Assignment |
Report every line from the following entries that contains the string "analysis".

##############################

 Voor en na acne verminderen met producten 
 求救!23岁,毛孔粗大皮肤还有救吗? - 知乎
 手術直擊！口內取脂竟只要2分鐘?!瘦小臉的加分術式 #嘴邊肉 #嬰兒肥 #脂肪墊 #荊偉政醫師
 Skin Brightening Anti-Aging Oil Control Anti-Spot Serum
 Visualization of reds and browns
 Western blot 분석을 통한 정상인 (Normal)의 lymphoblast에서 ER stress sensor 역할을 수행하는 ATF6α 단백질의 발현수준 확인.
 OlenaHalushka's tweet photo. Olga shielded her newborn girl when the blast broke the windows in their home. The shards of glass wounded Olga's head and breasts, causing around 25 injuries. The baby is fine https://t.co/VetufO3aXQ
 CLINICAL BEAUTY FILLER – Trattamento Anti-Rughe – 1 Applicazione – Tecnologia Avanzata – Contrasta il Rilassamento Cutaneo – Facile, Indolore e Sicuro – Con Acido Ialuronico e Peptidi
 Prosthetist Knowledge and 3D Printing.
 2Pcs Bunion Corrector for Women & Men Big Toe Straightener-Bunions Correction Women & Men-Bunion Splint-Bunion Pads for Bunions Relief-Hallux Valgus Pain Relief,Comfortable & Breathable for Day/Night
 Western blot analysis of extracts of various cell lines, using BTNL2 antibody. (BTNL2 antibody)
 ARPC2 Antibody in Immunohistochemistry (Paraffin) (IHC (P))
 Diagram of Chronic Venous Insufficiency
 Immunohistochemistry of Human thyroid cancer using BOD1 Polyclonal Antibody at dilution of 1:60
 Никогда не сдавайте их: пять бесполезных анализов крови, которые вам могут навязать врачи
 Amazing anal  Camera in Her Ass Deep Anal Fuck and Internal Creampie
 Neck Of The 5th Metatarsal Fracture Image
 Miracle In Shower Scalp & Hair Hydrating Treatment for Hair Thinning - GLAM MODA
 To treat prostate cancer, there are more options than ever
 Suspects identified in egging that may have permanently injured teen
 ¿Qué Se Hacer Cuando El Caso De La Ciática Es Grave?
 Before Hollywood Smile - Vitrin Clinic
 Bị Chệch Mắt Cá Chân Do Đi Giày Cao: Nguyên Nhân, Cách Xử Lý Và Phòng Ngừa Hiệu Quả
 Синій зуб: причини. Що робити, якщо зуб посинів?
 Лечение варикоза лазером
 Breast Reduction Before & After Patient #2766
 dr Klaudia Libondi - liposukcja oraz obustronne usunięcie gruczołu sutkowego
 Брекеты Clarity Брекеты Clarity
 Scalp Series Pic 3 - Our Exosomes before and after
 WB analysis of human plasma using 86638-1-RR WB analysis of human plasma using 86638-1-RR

##############################

Response area |
 Western blot analysis of extracts of various cell lines, using BTNL2 antibody. (BTNL2 antibody)
 WB analysis of human plasma using 86638-1-RR WB analysis of human plasma using 86638-1-RR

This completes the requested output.